━━━━━ The input ━━━━━

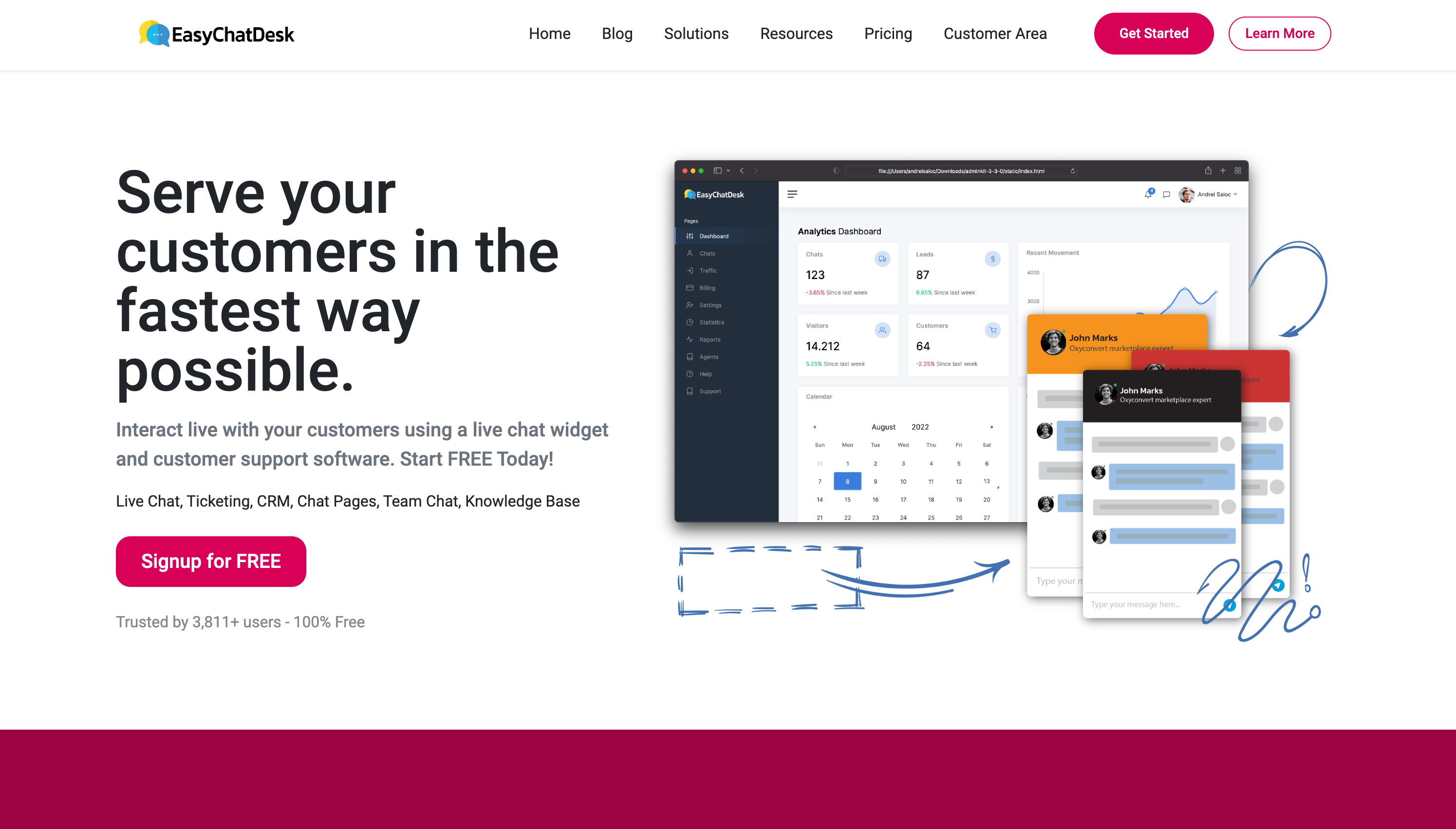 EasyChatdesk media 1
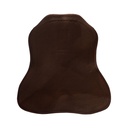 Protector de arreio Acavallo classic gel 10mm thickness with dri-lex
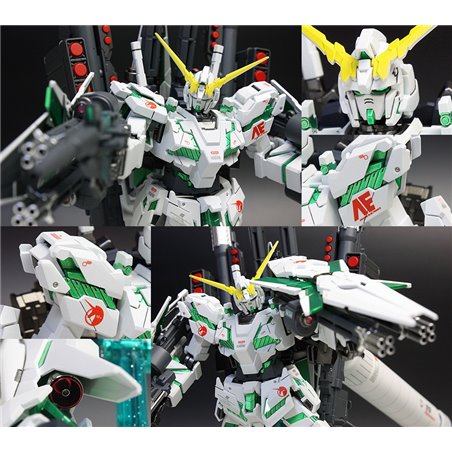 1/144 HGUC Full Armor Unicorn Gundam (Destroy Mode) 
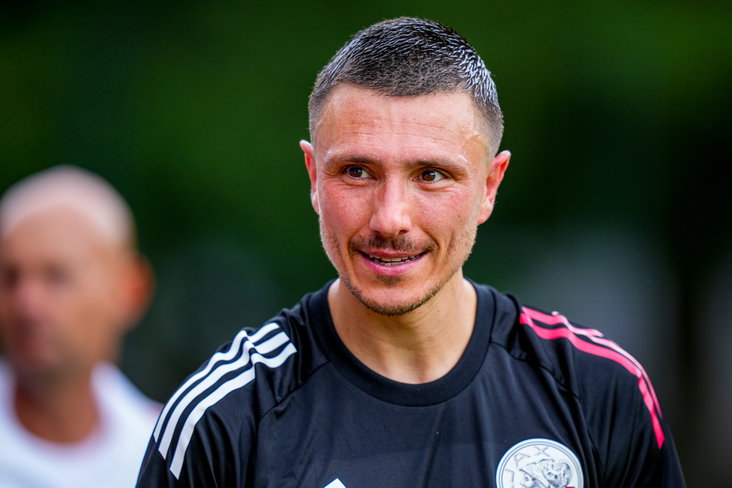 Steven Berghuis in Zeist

━━━━━
━━━━━ The input ━━━━━

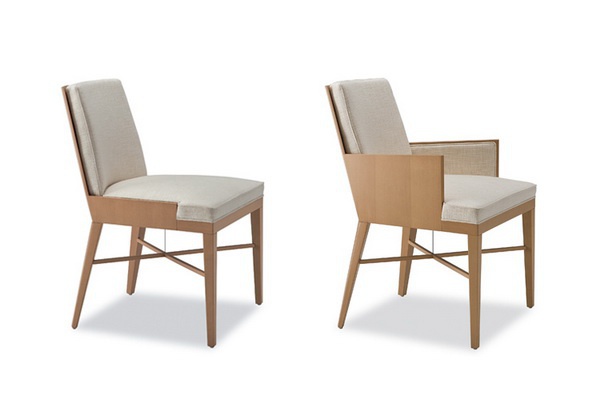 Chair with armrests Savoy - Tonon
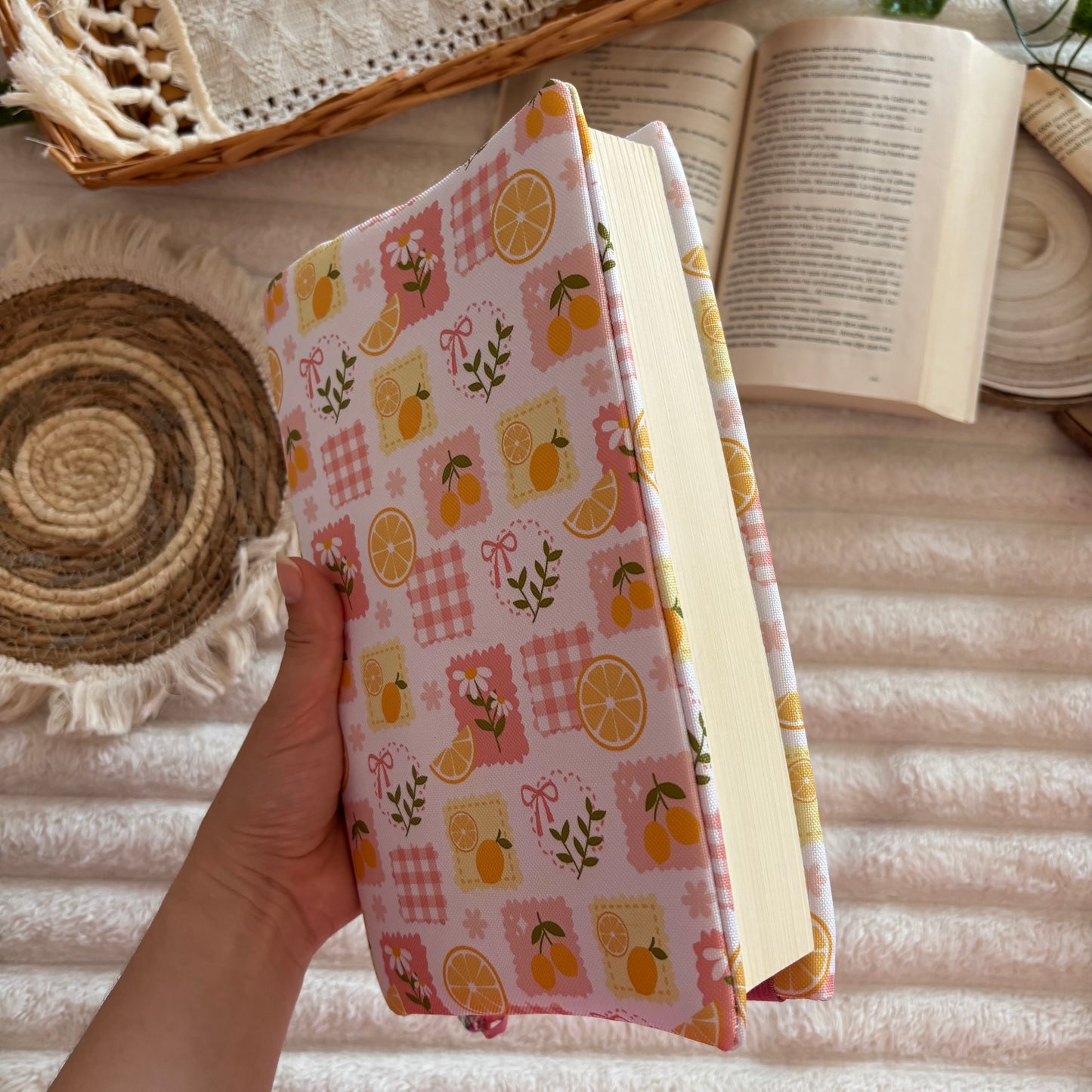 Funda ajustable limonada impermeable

━━━━━
━━━━━ The input ━━━━━

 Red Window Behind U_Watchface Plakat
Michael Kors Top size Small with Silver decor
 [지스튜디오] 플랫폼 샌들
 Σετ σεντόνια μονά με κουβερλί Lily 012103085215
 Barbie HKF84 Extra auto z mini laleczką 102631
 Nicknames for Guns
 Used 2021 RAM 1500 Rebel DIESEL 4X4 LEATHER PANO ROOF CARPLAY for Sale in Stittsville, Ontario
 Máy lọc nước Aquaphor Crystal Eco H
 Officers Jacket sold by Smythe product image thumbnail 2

━━━━━

- [Instructions to follow]: Going back to the data above, write out everything from the line with "Protector de arreio" down to the line with "Steven Berghuis in Zeist", both included, leaving every picture out.

- [Finished exercise]:
 Protector de arreio Acavallo classic gel 10mm thickness with dri-lex
 1/144 HGUC Full Armor Unicorn Gundam (Destroy Mode) 
 Steven Berghuis in Zeist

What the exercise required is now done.